# A Fine-Grained Analysis of Pure Semantic Preference Alignment in Large Language Models

This is the source code to reproduce the experiments of the paper "[A Fine-Grained Analysis of Pure Semantic Preference Alignment in Large Language Models]"

Large language models (LLMs) are typically aligned with human preferences through methods such as direct preference optimization (DPO). While empirically successful, these approaches face well-known limitations, including length bias, reward hacking, binary preference assumptions, and the aggregation of heterogeneous preferences into a single scalar signal. In this work, we take an inverse perspective: rather than attempting to resolve these issues, we investigate an idealized setting, which we call the *pure semantic preference scenario*, where such confounding factors are absent. We show that even in this idealized setting, existing alignment methods still do not fully capture the preference. Our analysis further reveals that (i) on-policy algorithms align more effectively, (ii) models trained without an explicit reference model perform better, and (iii) preference-model–based approaches consistently outperform reward-model–based approaches. Motivated by these observations, we introduce *preference matching optimization* (PMO), a DPO-type method that admits a closed-form solution and provably better approximates the true preference distribution. Experiments on both practical and idealized settings demonstrate that PMO achieves comparable performance with existing alignment methods in the practical setting, while offering stronger theoretical grounding and better performance in the pure semantic setting.

## Dependencies

To run the code, please install all its dependencies:
```sh
cd OpenRLHF
pip install -e .
```

## Repository content

This repository is heavily based on the code from OpenRLHF and follows the same structure.
@article{hu2024openrlhf,
  title={OpenRLHF: An Easy-to-use, Scalable and High-performance RLHF Framework},
  author={Jian Hu and Xibin Wu and Zilin Zhu and Xianyu and Weixun Wang and Dehao Zhang and Yu Cao},
  journal={arXiv preprint arXiv:2405.11143},
  year={2024}
}

### PMO
```sh
bash pmo.sh
```
We build our model on DPO code. 
Find our PMO trainer at DPOPMTrainer in trainer/dpo_trainer_pm.py
Prob dataset in datasets/prob_dataset.py


## Datasets
We introduce a preference dataset tailored to isolate semantic choices while removing confounds such as length, formatting, or discourse structure.

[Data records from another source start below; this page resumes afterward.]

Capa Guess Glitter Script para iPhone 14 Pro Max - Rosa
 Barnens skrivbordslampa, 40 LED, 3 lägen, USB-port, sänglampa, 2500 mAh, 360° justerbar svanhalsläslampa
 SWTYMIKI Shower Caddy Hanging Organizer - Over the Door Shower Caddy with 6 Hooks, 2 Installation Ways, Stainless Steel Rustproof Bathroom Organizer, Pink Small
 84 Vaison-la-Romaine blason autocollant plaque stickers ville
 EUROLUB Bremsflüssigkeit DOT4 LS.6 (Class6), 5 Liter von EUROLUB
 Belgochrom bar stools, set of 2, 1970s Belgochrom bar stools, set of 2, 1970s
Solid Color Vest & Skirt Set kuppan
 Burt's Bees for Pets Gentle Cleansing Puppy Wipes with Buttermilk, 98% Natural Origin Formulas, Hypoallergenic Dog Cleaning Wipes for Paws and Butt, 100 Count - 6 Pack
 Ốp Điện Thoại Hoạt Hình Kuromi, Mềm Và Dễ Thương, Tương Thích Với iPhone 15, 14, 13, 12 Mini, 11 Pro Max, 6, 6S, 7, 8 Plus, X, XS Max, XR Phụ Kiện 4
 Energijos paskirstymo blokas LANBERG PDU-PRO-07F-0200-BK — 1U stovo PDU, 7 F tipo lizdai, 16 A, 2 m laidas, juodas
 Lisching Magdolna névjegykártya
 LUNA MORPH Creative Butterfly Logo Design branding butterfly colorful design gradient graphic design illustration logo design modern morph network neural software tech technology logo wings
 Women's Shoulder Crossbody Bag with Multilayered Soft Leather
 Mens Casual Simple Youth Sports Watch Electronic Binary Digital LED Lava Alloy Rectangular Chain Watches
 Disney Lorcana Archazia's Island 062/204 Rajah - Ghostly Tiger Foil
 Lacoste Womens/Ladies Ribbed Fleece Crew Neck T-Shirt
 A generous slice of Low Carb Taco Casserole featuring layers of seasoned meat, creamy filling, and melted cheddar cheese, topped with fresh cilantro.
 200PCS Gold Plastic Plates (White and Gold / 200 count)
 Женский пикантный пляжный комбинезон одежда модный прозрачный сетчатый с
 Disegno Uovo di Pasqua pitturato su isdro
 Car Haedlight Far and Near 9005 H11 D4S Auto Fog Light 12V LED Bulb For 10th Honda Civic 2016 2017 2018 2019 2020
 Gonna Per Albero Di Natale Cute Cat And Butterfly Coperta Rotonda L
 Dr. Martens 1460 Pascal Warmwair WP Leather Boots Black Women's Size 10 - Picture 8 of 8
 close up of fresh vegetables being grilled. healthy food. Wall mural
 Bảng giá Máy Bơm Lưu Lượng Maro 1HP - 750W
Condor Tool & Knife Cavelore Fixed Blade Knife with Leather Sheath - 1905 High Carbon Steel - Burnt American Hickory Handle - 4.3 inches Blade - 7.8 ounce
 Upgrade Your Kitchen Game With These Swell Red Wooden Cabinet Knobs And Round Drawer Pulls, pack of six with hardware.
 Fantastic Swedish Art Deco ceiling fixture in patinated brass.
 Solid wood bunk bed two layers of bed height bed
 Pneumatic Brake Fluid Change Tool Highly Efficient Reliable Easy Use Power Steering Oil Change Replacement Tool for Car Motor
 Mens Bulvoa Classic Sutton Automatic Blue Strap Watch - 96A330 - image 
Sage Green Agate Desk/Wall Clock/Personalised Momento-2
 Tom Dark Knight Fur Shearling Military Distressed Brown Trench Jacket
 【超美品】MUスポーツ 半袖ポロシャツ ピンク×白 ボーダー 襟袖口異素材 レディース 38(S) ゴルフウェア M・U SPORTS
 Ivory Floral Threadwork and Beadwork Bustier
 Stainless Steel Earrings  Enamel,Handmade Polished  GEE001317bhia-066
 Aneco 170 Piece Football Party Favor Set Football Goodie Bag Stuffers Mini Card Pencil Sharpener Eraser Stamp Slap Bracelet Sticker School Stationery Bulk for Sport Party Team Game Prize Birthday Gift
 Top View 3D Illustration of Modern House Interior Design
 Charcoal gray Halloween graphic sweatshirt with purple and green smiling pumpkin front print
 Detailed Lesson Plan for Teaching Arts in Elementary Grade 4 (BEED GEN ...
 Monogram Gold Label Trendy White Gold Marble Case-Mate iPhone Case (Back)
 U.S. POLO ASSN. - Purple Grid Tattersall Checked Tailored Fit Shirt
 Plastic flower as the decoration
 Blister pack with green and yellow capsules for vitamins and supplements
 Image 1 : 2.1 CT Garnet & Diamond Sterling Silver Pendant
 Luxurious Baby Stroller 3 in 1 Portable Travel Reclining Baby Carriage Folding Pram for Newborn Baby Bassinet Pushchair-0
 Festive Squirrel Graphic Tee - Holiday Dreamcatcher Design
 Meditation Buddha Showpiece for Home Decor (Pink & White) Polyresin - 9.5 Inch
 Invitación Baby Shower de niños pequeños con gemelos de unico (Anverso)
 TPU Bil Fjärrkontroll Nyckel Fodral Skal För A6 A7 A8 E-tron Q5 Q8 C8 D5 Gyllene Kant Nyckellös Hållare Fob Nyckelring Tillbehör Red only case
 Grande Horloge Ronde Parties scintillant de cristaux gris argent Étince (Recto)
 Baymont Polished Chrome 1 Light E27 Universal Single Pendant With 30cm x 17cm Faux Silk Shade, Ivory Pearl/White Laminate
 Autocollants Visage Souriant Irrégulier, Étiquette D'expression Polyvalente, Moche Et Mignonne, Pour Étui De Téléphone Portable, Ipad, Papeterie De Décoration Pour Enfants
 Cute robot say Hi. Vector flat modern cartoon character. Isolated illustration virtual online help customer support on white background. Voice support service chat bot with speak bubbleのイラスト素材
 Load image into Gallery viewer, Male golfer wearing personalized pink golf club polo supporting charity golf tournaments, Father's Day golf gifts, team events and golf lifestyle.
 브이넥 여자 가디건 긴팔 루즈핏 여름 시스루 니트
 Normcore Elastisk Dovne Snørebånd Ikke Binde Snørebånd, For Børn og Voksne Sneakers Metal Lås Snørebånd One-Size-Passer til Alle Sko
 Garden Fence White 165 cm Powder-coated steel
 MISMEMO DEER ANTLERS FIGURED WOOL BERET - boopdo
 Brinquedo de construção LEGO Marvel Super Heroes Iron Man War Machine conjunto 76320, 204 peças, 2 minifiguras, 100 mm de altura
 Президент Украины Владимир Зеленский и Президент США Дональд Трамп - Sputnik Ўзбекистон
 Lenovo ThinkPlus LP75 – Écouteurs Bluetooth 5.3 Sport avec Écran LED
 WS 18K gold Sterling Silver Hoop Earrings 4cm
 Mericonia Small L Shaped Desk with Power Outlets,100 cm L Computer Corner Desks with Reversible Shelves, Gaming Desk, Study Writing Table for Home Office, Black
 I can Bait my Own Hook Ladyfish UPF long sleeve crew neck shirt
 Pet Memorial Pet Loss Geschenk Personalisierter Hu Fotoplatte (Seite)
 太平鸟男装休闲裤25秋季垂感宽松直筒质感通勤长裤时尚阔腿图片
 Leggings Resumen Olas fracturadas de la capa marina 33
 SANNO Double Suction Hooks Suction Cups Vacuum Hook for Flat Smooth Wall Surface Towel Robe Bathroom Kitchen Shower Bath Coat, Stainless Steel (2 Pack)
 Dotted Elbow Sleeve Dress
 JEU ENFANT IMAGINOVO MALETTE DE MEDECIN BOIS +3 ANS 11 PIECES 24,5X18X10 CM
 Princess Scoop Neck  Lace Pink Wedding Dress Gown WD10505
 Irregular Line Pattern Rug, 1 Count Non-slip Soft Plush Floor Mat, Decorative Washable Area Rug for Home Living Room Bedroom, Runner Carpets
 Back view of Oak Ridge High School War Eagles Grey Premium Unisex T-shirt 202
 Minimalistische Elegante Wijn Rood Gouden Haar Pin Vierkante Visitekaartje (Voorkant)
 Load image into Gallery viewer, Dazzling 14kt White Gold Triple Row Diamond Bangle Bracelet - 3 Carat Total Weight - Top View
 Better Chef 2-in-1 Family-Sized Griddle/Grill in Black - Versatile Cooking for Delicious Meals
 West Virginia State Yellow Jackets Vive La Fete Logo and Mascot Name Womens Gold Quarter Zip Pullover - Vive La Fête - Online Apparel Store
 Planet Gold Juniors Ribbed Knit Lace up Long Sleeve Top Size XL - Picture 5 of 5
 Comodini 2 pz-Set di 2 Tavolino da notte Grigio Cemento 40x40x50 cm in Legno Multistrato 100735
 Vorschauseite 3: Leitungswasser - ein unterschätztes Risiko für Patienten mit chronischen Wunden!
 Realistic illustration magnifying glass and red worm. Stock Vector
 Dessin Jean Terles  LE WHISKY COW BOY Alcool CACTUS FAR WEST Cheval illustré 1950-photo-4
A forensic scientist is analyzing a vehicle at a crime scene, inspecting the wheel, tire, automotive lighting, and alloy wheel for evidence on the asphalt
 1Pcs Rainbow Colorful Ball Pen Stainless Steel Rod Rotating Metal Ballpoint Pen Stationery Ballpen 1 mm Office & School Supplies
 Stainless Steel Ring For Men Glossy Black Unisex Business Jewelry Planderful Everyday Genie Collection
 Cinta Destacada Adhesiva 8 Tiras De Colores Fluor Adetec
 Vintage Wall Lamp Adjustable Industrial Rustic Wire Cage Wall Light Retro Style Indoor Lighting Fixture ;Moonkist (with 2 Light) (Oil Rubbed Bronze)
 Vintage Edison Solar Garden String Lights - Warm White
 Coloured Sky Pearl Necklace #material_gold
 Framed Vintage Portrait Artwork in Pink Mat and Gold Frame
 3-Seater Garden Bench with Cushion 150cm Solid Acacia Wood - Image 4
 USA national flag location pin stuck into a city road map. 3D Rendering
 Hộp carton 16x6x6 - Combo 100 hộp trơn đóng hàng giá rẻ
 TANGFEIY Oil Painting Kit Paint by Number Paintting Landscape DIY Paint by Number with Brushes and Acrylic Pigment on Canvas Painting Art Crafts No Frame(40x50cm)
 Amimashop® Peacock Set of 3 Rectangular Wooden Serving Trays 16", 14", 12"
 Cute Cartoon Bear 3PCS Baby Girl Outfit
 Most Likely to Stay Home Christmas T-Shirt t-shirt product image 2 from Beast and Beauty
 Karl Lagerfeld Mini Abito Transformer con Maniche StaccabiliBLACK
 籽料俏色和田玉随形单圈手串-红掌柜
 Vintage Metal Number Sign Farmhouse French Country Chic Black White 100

Each instance is a minimal pair \citep{warstadt2020blimp} built from a single prompt and two completions that differ only by one lexical item in the same position (e.g., “cola” vs. “pepsi”, “tea” vs. “coffee”). Unlike conventional binary preference data used in RLHF \citep{rafailov2023direct,li2023reinforcement}, we attach a soft target—the probability that one completion is preferred over the other—explicitly provided in the dataset.

We upload our dataset in a separate folder.